そのくせ、「自然の中に人間の力を超えた何かを感じることがある」という人は 56%と、半数以上を占めたという。(参照

私は 3年近く前に「投票と信心」という記事を書いている。「支持政党なし」という比率と、「宗教を信仰していない」という比率が、とても似通っているということに注目して、「日本人は旗幟鮮明にすることを好まない」と書いたものだ。

この時の記事の元にしたデータは、NHK 放送文化研究所の 『放送研究と調査』 (1999.5) からの孫引き(参照) だが、それによると具体的に信仰する宗教をあげた人は 35%で、宗教を信仰しない人は 56%だった。

とすると、このほぼ 10年の間に、日本人はより不信心になったようにみえる。ところがそのくせ、「日本人は宗教心が薄い」と思う人は 45%に止まり、そうは思わない人が 49%となっている。

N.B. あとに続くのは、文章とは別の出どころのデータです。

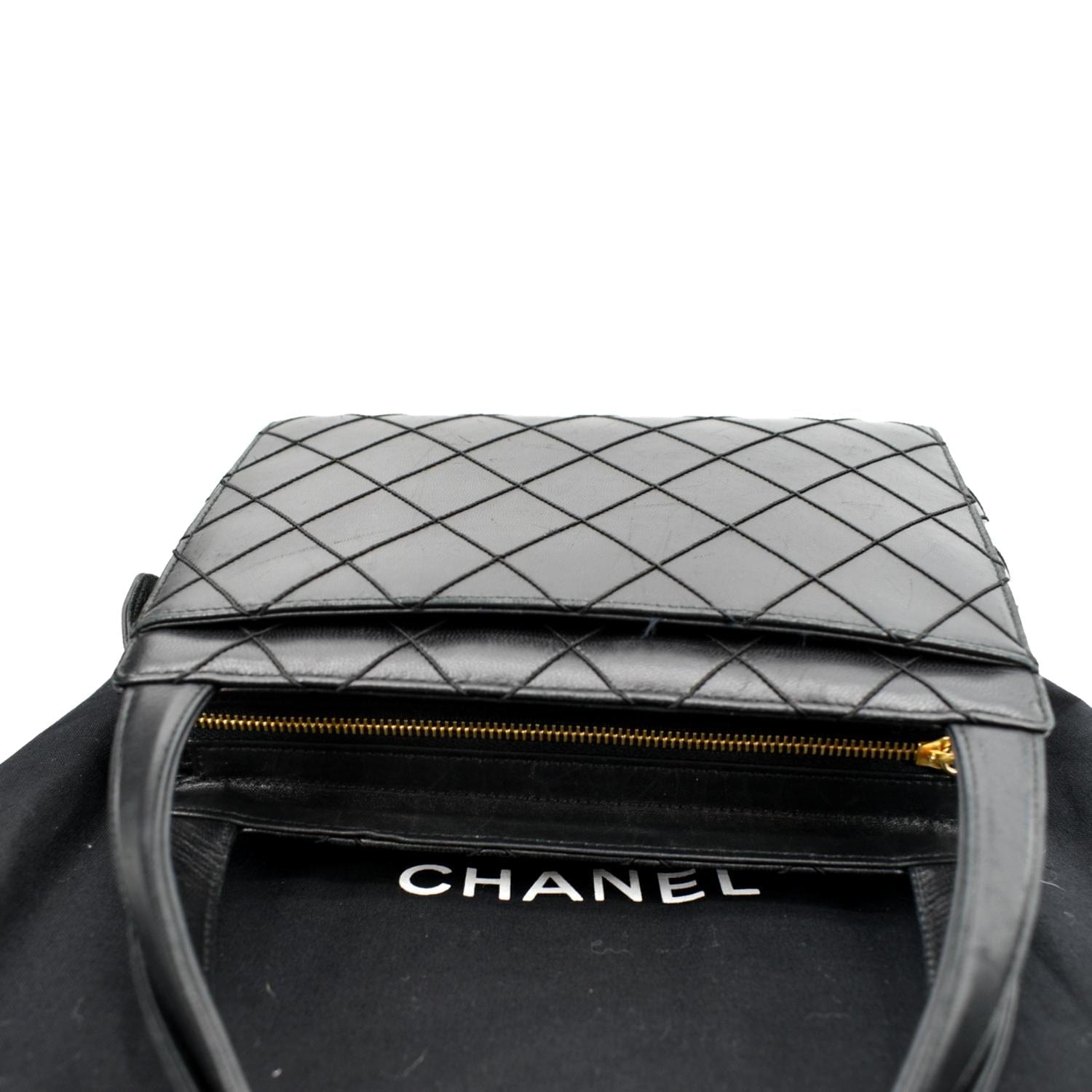CHANEL Small Vintage Lambskin Leather Handbag Black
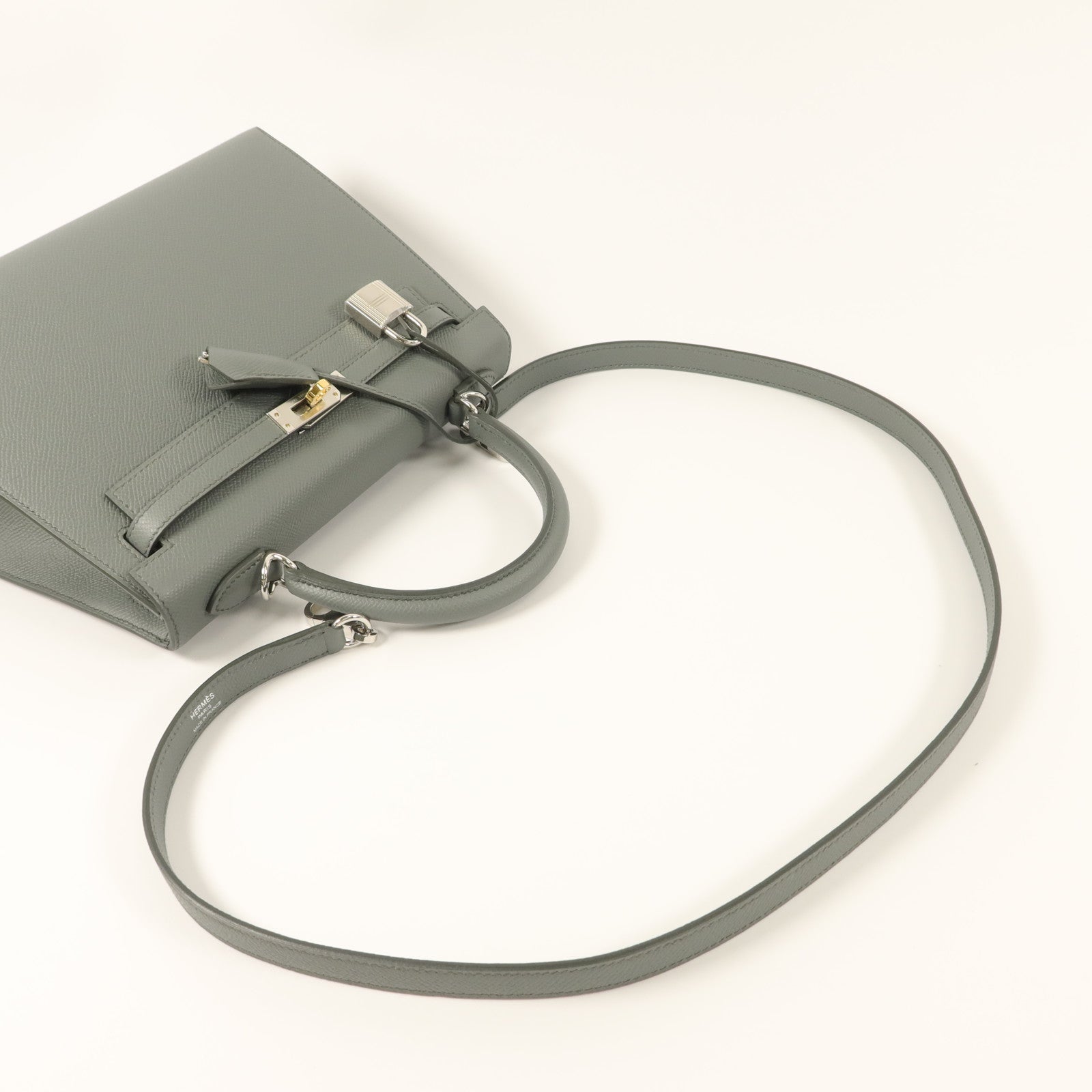 HERMES Epsom皮革Kelly 25手挽肩背兩用袋Vert Amande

また、先祖を敬う気持ちを持っている人は 94%に達し、前述の如く「自然の中に人間の力を超えた何かを感じることがある」という人も 56%と多数を占めた。

私はこのブログを書くにあたって、日本人の宗教心について触れるときには「信仰」という言葉を使わず、特別な理由がない限り「信心」ということにしている。これは、かなり意識してのことである。

多くの日本人は「信仰深い」とは決して言えないが、「信心深い」日本人はいくらでもいるのだ。これは単なる言葉のアヤではない。

今回の読売新聞の調査について、宗教学者の山折哲雄氏は紙上で次のように解説している。

日本人の信仰は多くの神々を信じる多神教だ。日本の豊かな自然は人間をその懐に包みこんで、神や仏といった人間を超えた存在を感じさせる力を持っている。日本人は唯一の超越的な神を信じる一神教を求める必要はなかった。

多神教が「感ずる宗教」だとすれば、一神教は「信ずる宗教」だと言える。

なるほどうまい表現である。

その上で山折氏は、日本人が明治以降キリスト教的な考え方を受け入れてきたために、「宗教を信じることとは、一神教を信じることなのだ、という価値判断をしてしまっている」と指摘し、「この尺度は改める必要があるのではないか」と述べておられる。

そして、「今回の調査からは、日本人の高い宗教心、信仰心がうかがえると言ってよいのではないか」としている。かなり意表を突いた逆説的結論だ。

ただ、「日本人の高い宗教心、信仰心」と言ってしまうと、違和感を覚える人が多いと思われる。そこで私は、「信心」と言い換えているわけだ。日本の神道というのは、「信仰する宗教」ではなく、「信心する宗教」なんだと思うのである。